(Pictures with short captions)
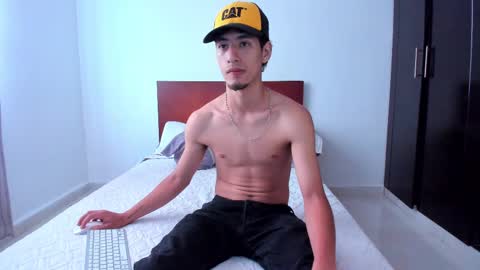 Snapshot of chandler_kenji chatting on March 10, 2025, 10:34 pm Kenji online show from March 10, 2025, 10:34 pm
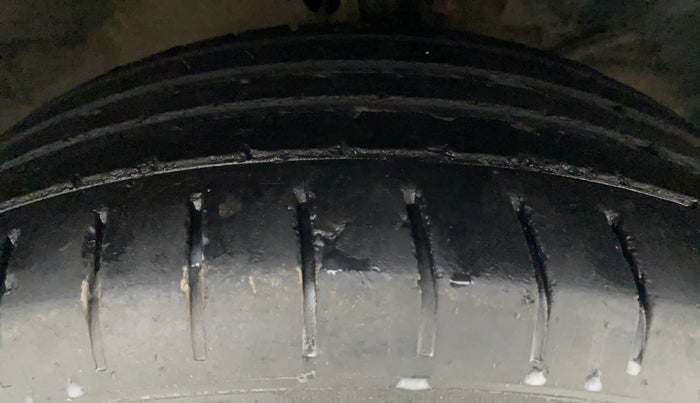 2016 Maruti Baleno ALPHA PETROL 1.2, Petrol, Manual, 81,411 km, Right Front Tyre Tread
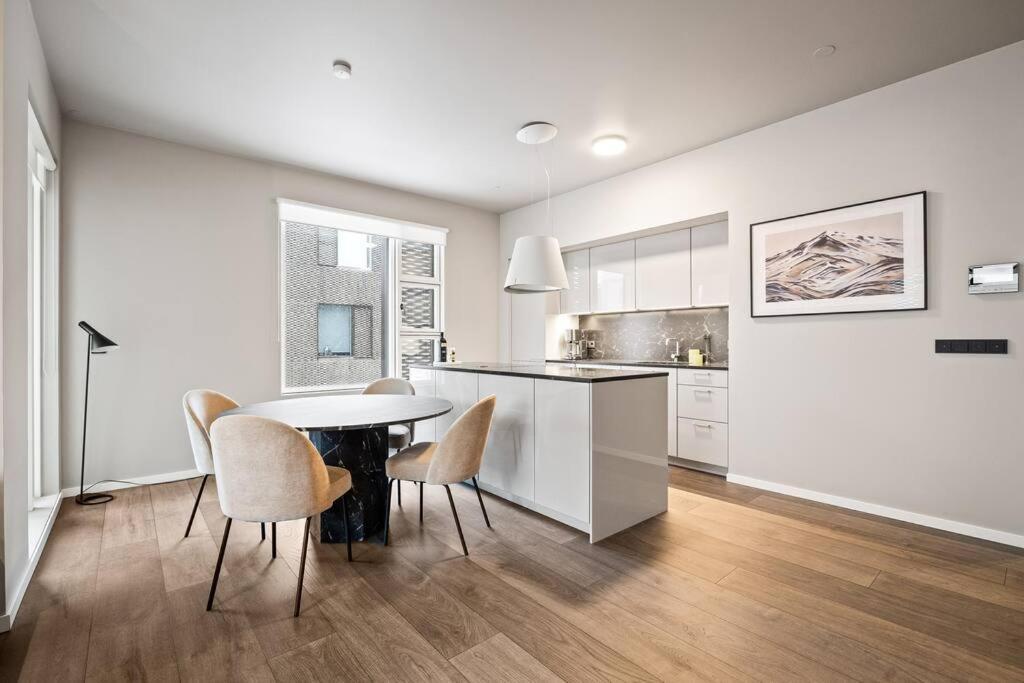 Private Lux 2Br & 2Ba City Center With Free Parking เรคยาวิก ภายนอก รูปภาพ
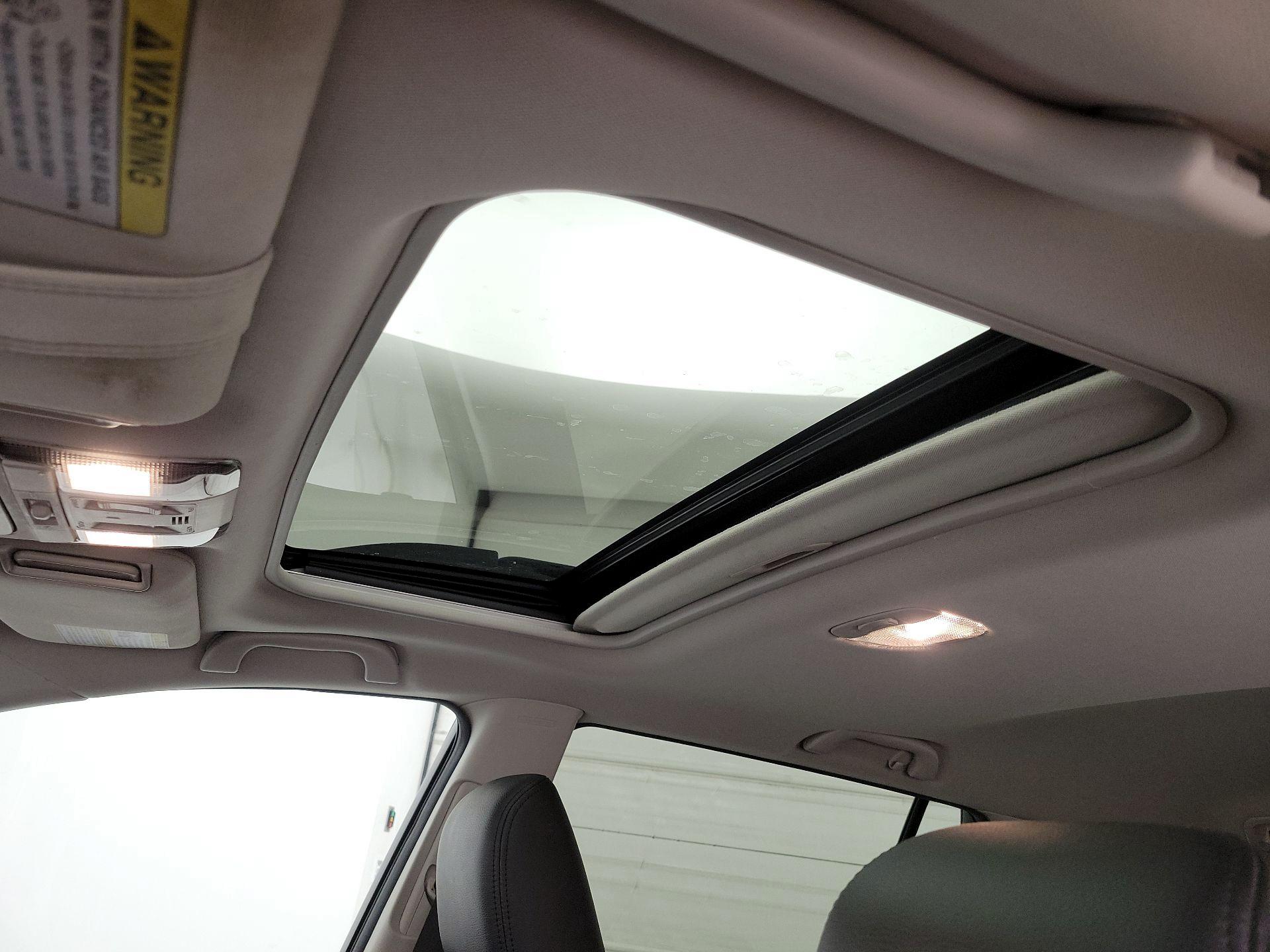 Thumbnail: 2014 Subaru Outback - 19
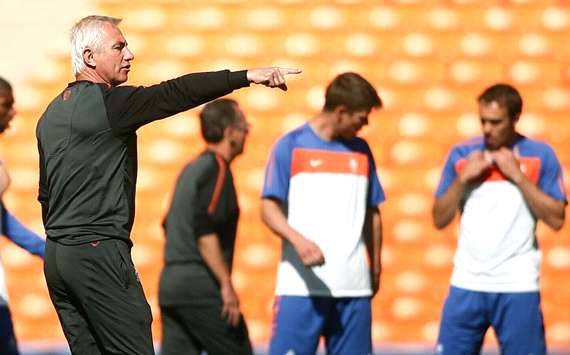Bert van Marwijk gibt seinen Niederländern Anweisungen (Abolfazl Amanollah)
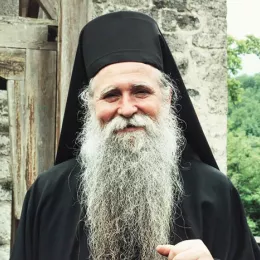 Епископ Јоаникије у манастиру Добриловини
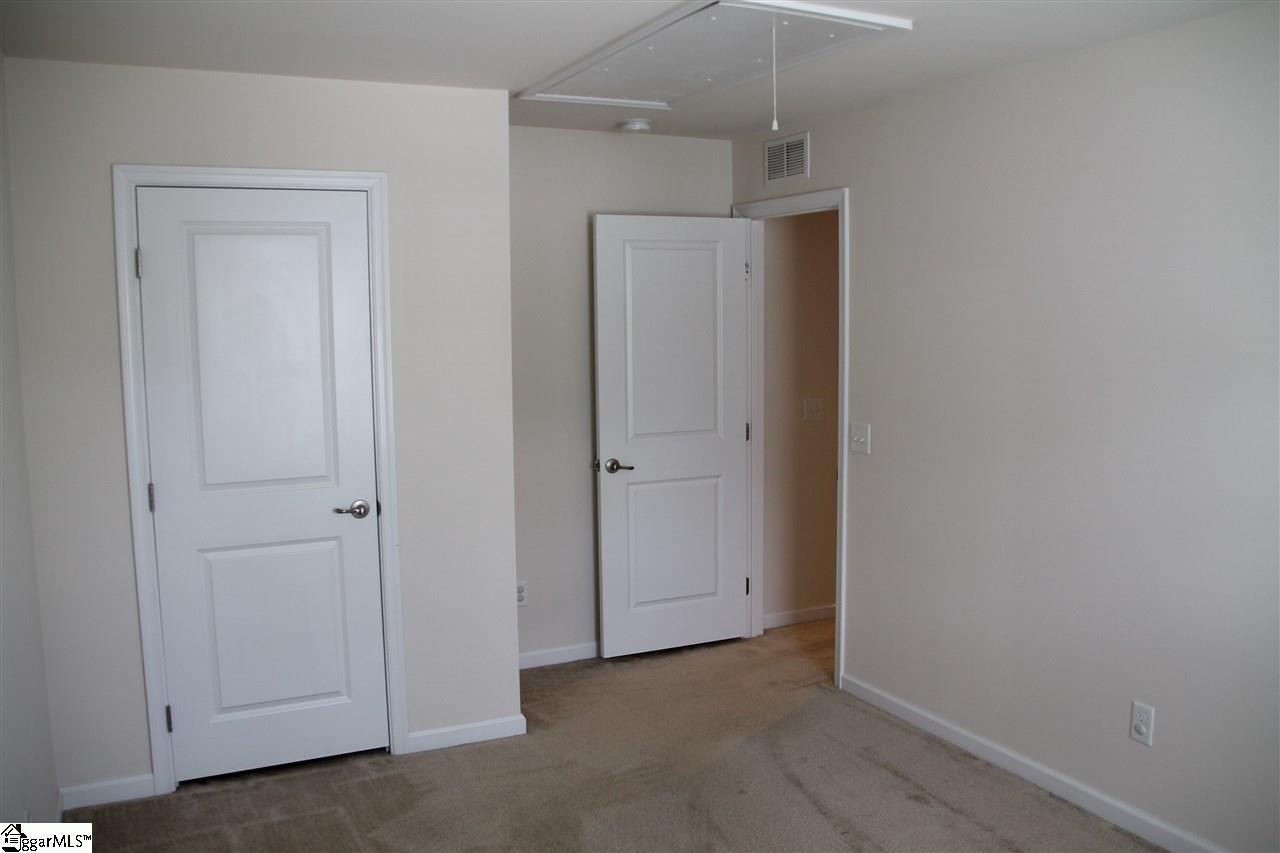 27 Granite Lane Greenville, SC 29607 - Photo 17 of 32 Gallery Image 17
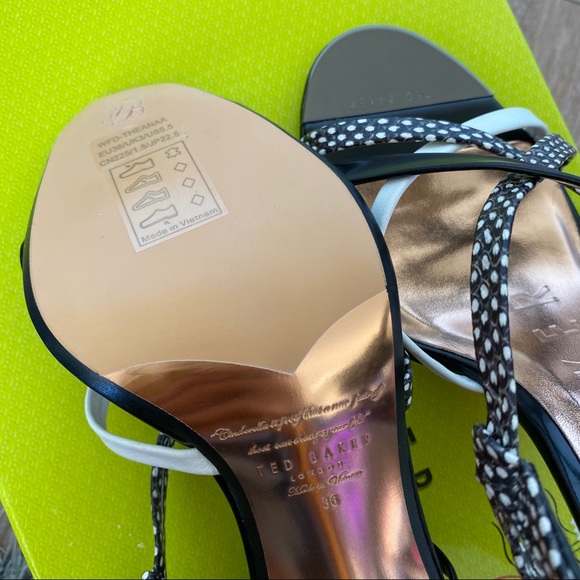 NIB Ted Baker “Theanaa” Snakeskin Strappy Sandals - Picture 7 of 7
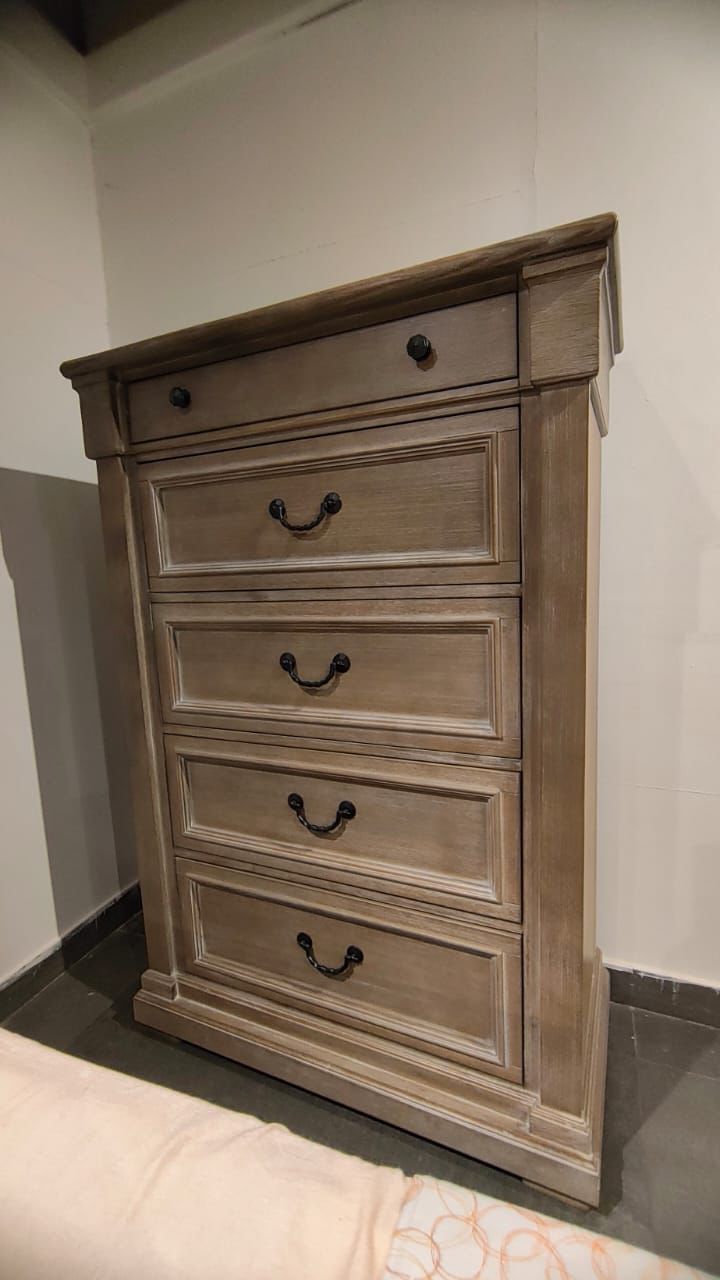 B799-46 - CHEST OF DRAWERS - WFD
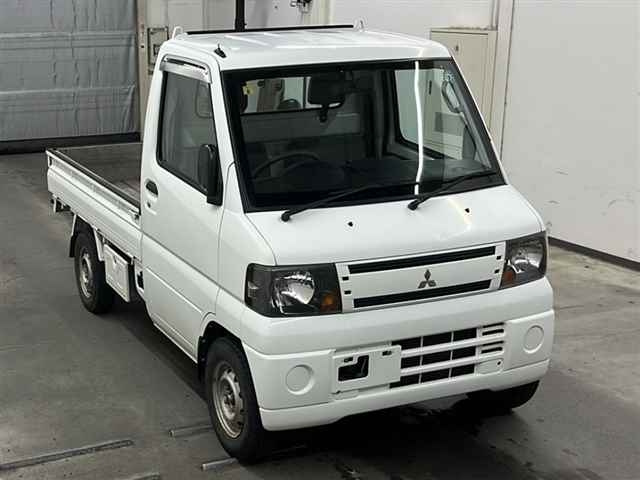 MITSUBISHI MINICAB TRUCK 2011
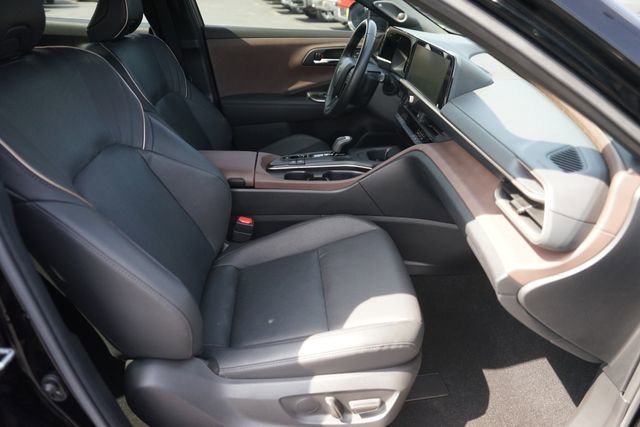 Used 2023 Toyota Crown AWD/4WD image 19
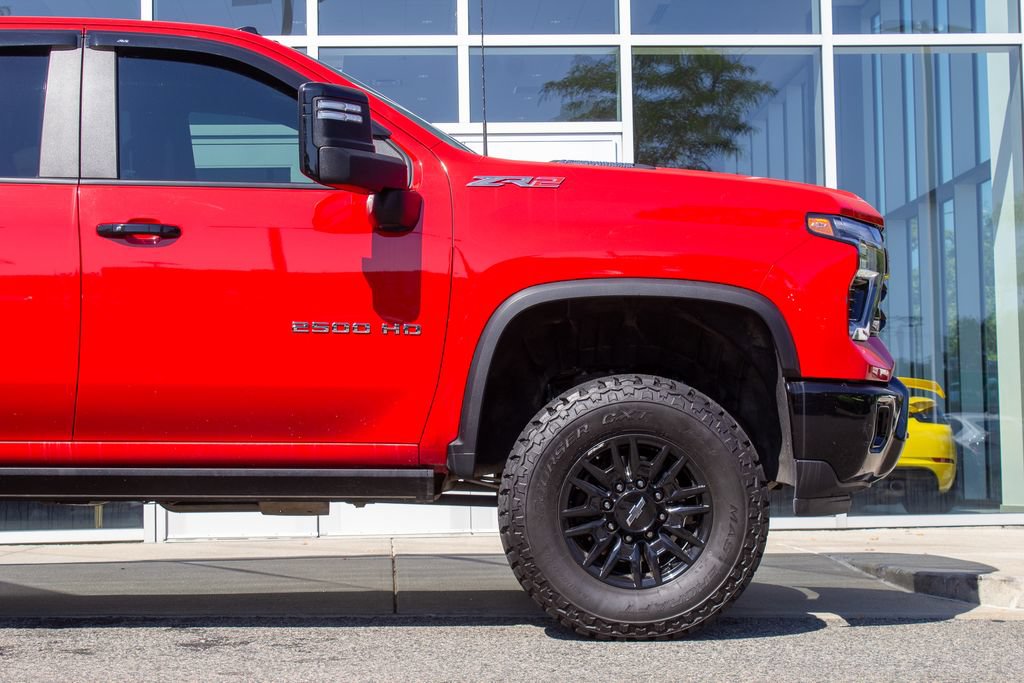 Used 2024 Chevrolet Silverado 2500 ZR2 w/ Technology Package AWD/4WD image 5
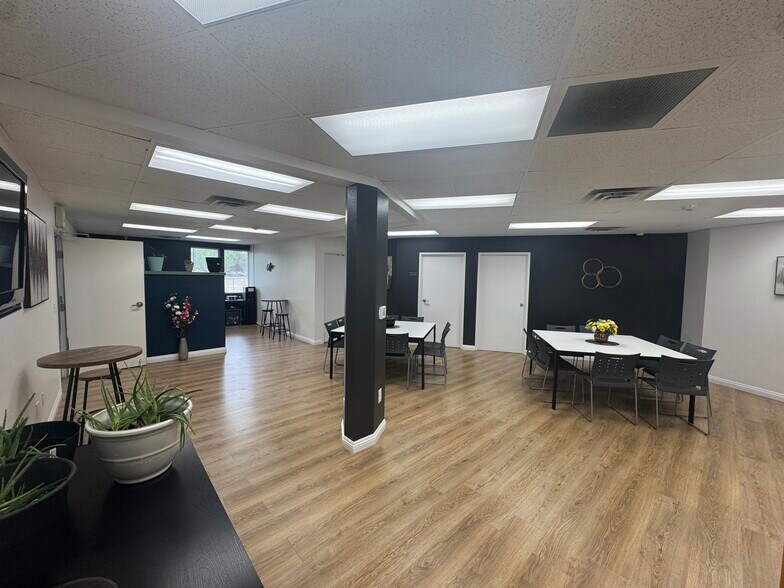 More Photos Of 5605 Riggins Ct, Reno Office For Sale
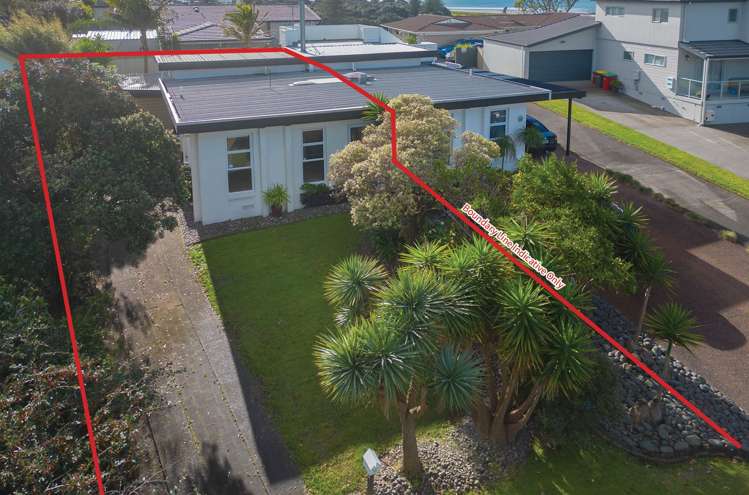 22 Amorino Drive Red Beach_16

• EXERCISE DETAILS
In the copy, include every entry above exactly and leave out each picture.

• YOUR SOLUTION
 Snapshot of chandler_kenji chatting on March 10, 2025, 10:34 pm Kenji online show from March 10, 2025, 10:34 pm
 2016 Maruti Baleno ALPHA PETROL 1.2, Petrol, Manual, 81,411 km, Right Front Tyre Tread
 Private Lux 2Br & 2Ba City Center With Free Parking เรคยาวิก ภายนอก รูปภาพ
 Thumbnail: 2014 Subaru Outback - 19
Bert van Marwijk gibt seinen Niederländern Anweisungen (Abolfazl Amanollah)
 Епископ Јоаникије у манастиру Добриловини
 27 Granite Lane Greenville, SC 29607 - Photo 17 of 32 Gallery Image 17
 NIB Ted Baker “Theanaa” Snakeskin Strappy Sandals - Picture 7 of 7
 B799-46 - CHEST OF DRAWERS - WFD
 MITSUBISHI MINICAB TRUCK 2011
 Used 2023 Toyota Crown AWD/4WD image 19
 Used 2024 Chevrolet Silverado 2500 ZR2 w/ Technology Package AWD/4WD image 5
 More Photos Of 5605 Riggins Ct, Reno Office For Sale
 22 Amorino Drive Red Beach_16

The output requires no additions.